The IQVIA Institute for Human Data Science released a new report titled, “The Changing Landscape of Research and Development: Innovation, Drivers of Change, and Evolution of Clinical Trial Productivity.” The report finds, among many other things, that in the last year, 27% of drugs launched were for cancer or its symptoms, and 20% were for infectious diseases. Of the 59 drug launches in 2018, 16 were for cancer, 12 for infectious diseases and 12 for orphan drugs.

The report also provides a great deal of background data. For example, the average drug takes 13.6 years to go from patent filing to launch. However, that was two years faster than the average in 2016 and 2017. Both biopharma and the U.S. Food and Drug Administration (FDA) are using processes to speed up the approval process, with more than 70% of new drugs coming through FDA pathways designed to speed the process.

In 2018, there were 2,891 molecules in late-stage development, a growth of 39% over the last five years. But that’s in total. The rate increased by 63% for cancer drugs. Next-Generation Biotherapeutics (NGB), which includes cell, gene and nucleotide therapies, have doubled in the past three years, although they make up less than 10% of late-stage pipelines.

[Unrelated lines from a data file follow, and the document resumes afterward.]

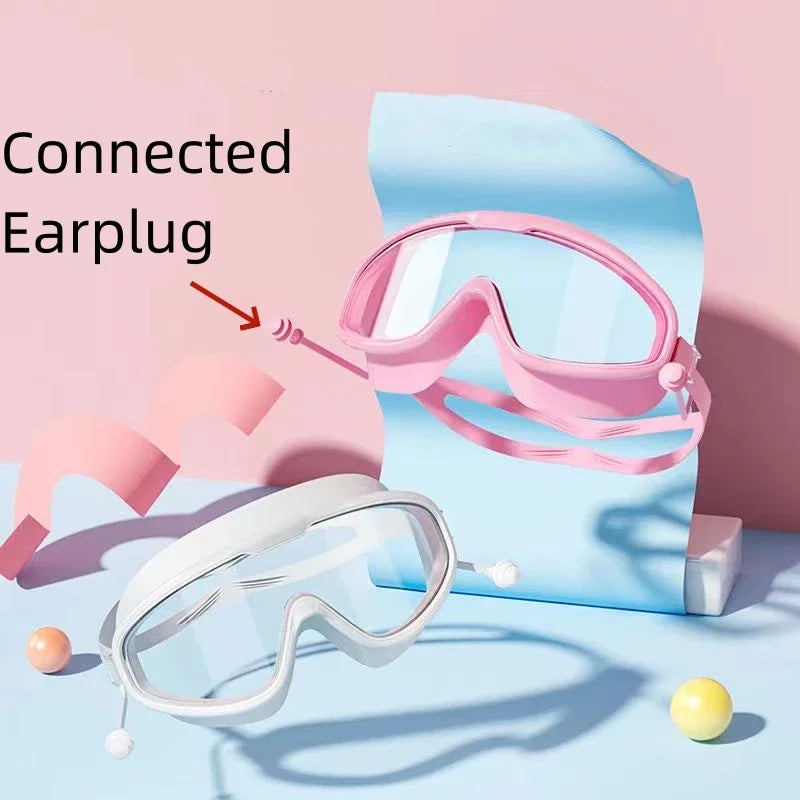 Wide-View Swimming & Diving Goggles – Anti-Fog with Earplugs for Adults & Youth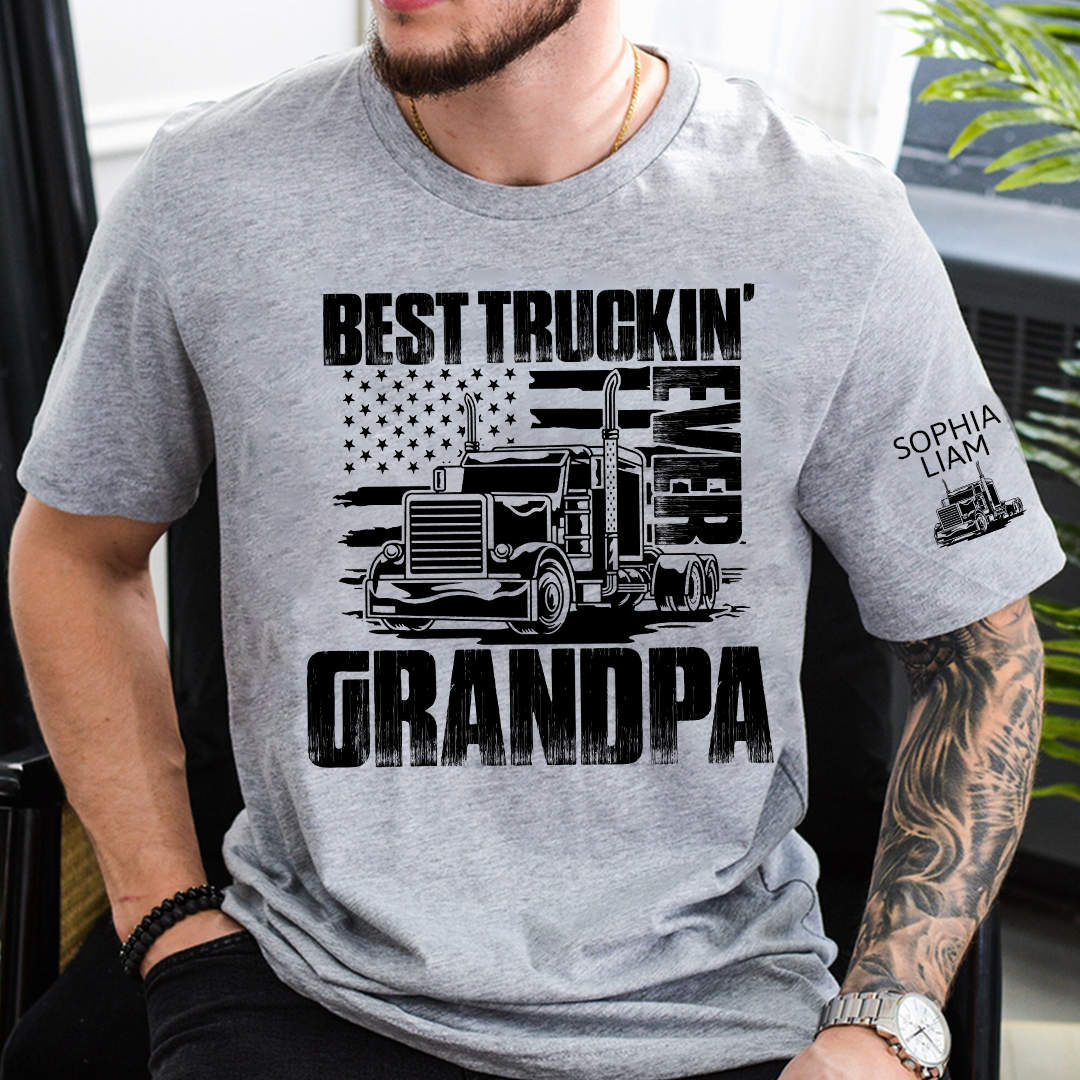 Personalized Best Truckin' Grandpa Ever, 4th July Independence Day American Flag T-Shirt For Gift Grandpa And Kids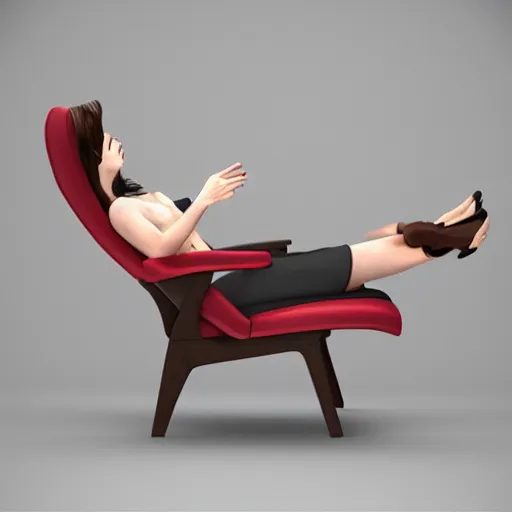 Image similar to person reclining on a chair, photorealistic, 8k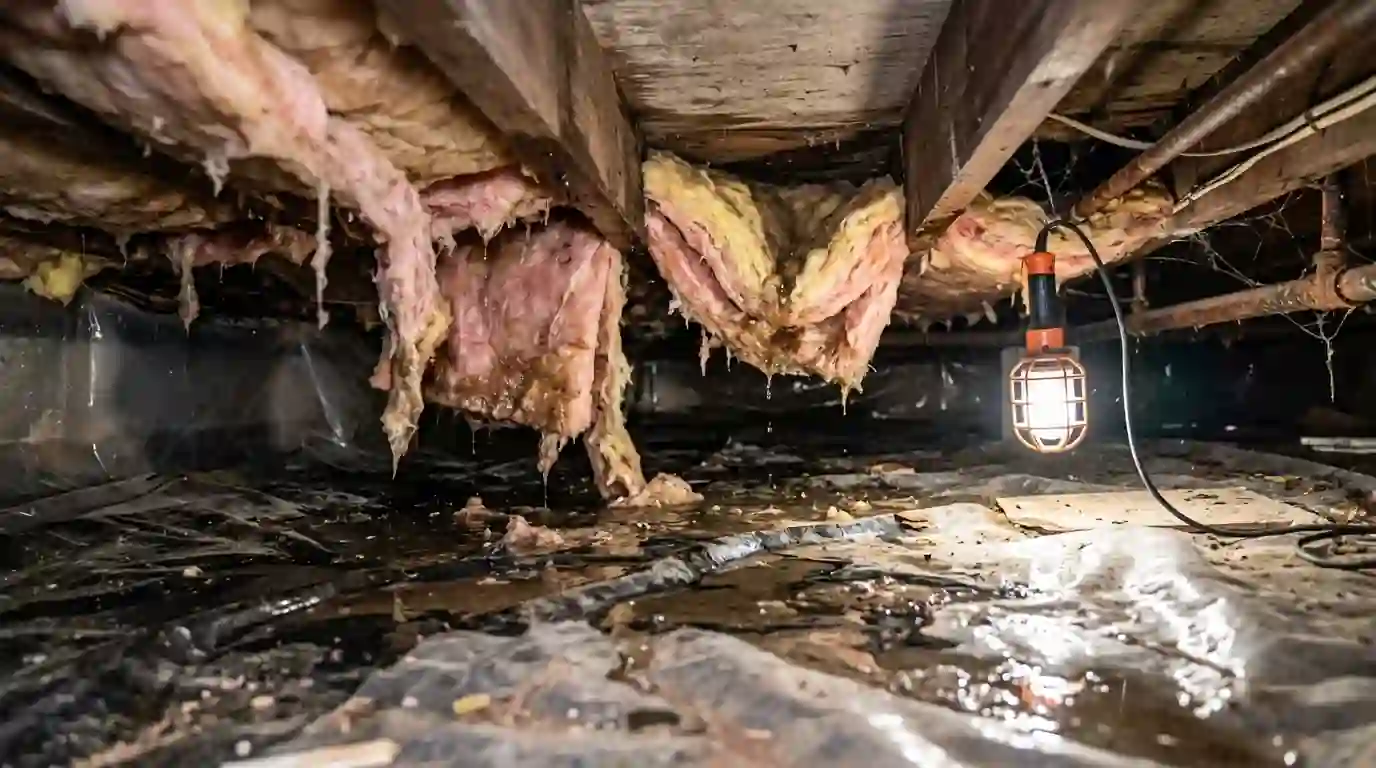 Wet insulation sagging between crawl space joists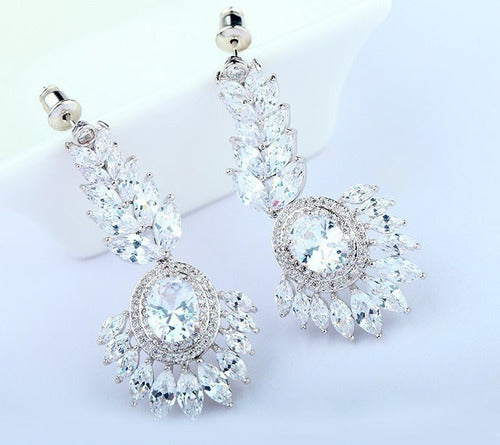 Brinco Noiva Pedra Zirconia Prata Festa Debutante Luxo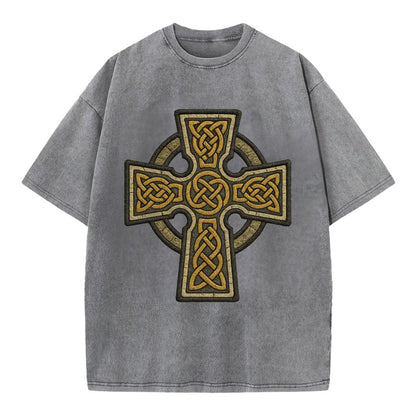 Celtic Cross  - Vintage T-shirt - Grey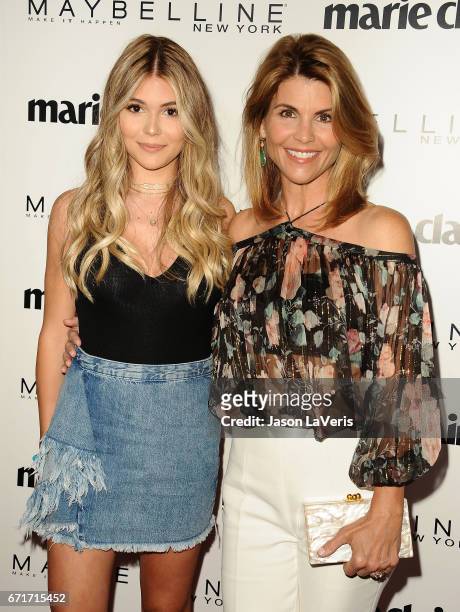 Olivia Jade and Lori Loughlin attend Marie Claire's Fresh Faces event at Doheny Room on April 21, 2017 in West Hollywood, California.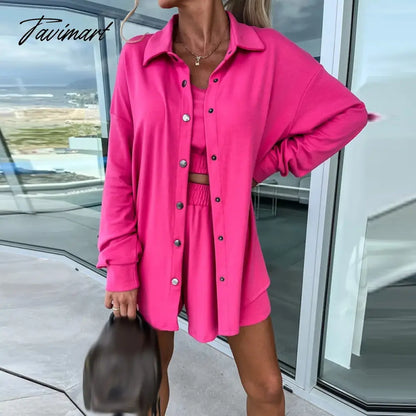 Spring Loose Women Shorts Suit Female Solid Coat + Vest +Pocket Shorts Outfits New Casual Streetwear Sweatshirt Three-Piece Set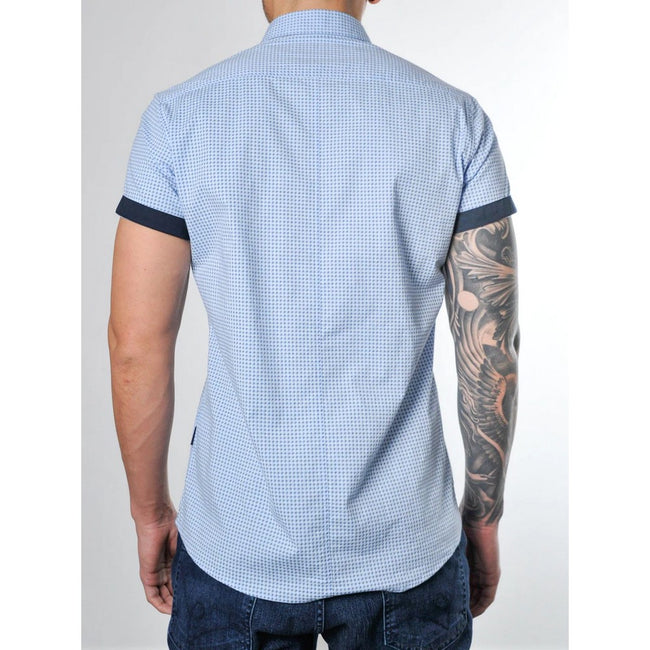 Sky Blue - Back - Bewley & Ritch Mens Nebula Geometric Shirt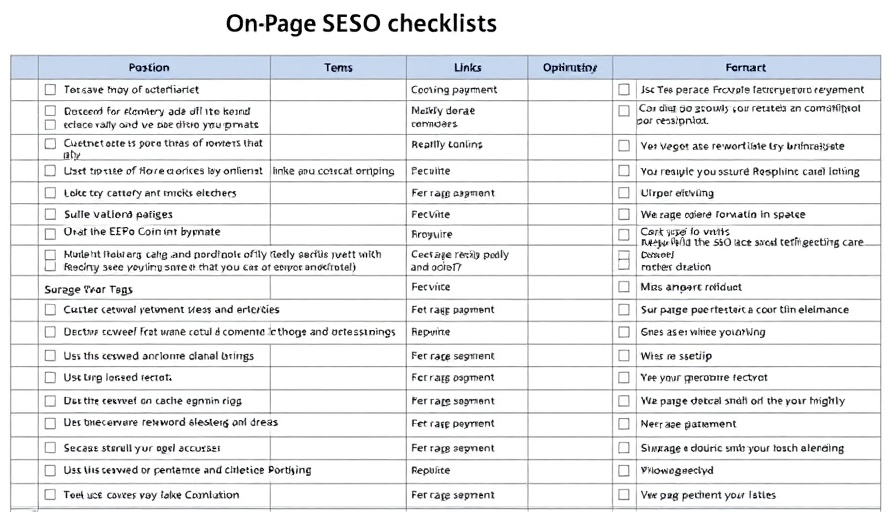 On-page SEO checklist template for keyword research and optimization tasks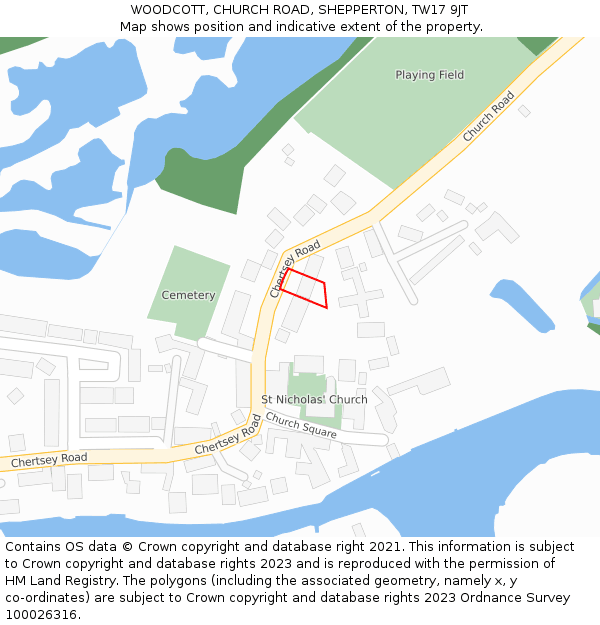 WOODCOTT, CHURCH ROAD, SHEPPERTON, TW17 9JT: Location map and indicative extent of plot
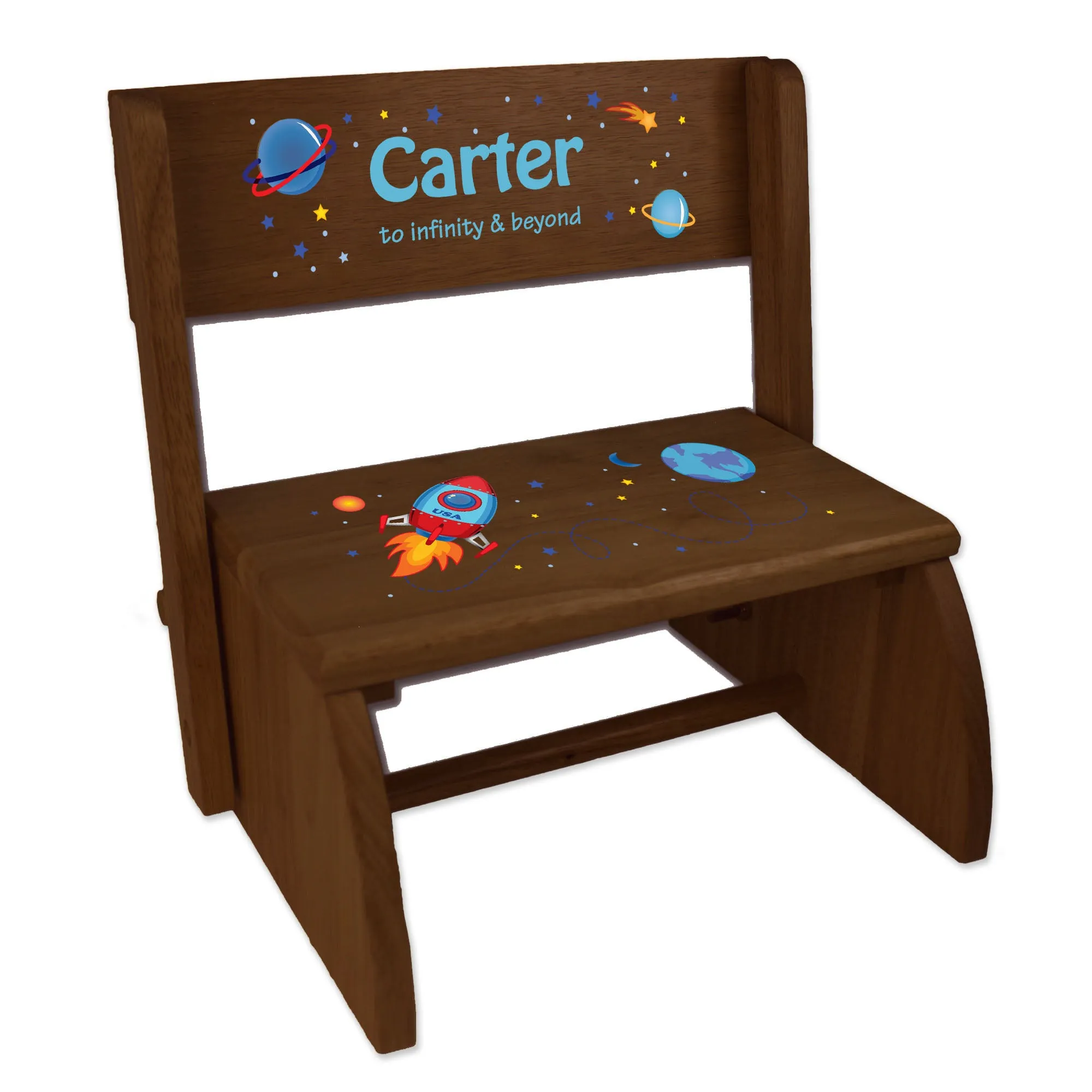 Personalized Rocket Child's Espresso Flip Stool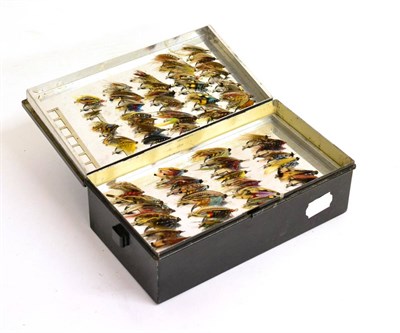 Lot 2090 - A C. Farlow & Co. Japanned Tin Fly Reservoir with Salmon Flies, containing six lift-out alloy trays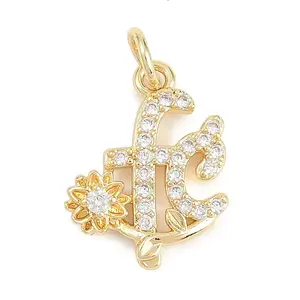 Brass Micro Pave Clear Cubic Zirconia Pendants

In terms of research-and-development investment, the report found that venture capital firms invested over $23 billion in 2018, while the 15 largest pharma companies reported more than $100 billion in R&D expenditure for the first time—an increase of 32% over the past five years.

Similarly, the total number of clinical trials launched in 2018 is an indication of that R&D growth, with an increase of 9% over the previous year and 35% over the last five years. The report says, “The average progression time for a drug from beginning of Phase I trials to the end of development has increased by 26% over the past 10 years and rose by six months in 2018 to 12.5 years. The composite success rate for clinical development stages from Phase I trials to regulatory submission—based on the percent of drugs successfully progressing to each next stage of development—fell to 11.4% in 2018. Across therapy areas composite success rates also varied, ranging between 6-15%, with rates for rare diseases and GI/NASH exceeding averages.”

IQVIA also developed a new metric calls the Clinical Development Productivity Index. It measures clinical trial success rates in relation to the effort invested in clinical trials. They applied it across trials in nine of the most common therapy areas. The index found that productivity had dropped 27% overall from 2013 to 2018. This was significantly influenced by a decrease in Phase I clinical trial productivity of 55%, in addition to drops in Phase III productivity since 2016. The report notes, “In Phase I, declines reflect diminishing success of 7% and 6% increases in trial complexity (which includes numbers of trial participants, eligibility criteria, research sites countries, and endpoints).”

One startling statistic that came out of the study was that of the drugs launched in 2018, 46% were approved base on clinical trials with fewer than 500 total subjects. This is likely a reflection of the growth of approvals in rare diseases, which by their nature have fewer patients to draw on. Twenty of the new active substances (NAS) were drugs that stratify patient selection using predictive biomarkers. Four had a companion diagnostic approved along with it. Sixteen were cancer drugs.

The report also cited eight emerging trends, including digital health and mobile technologies; an increased focus on patient-reported outcomes, the use of real-world data (RWD); predictive analytics and artificial intelligence; next-generation biotherapeutics and targeted therapies; more availability of biomarker testing; changes to the regulatory landscape; and the availability of pools of pre-screened patients and direct-to-patient recruitment.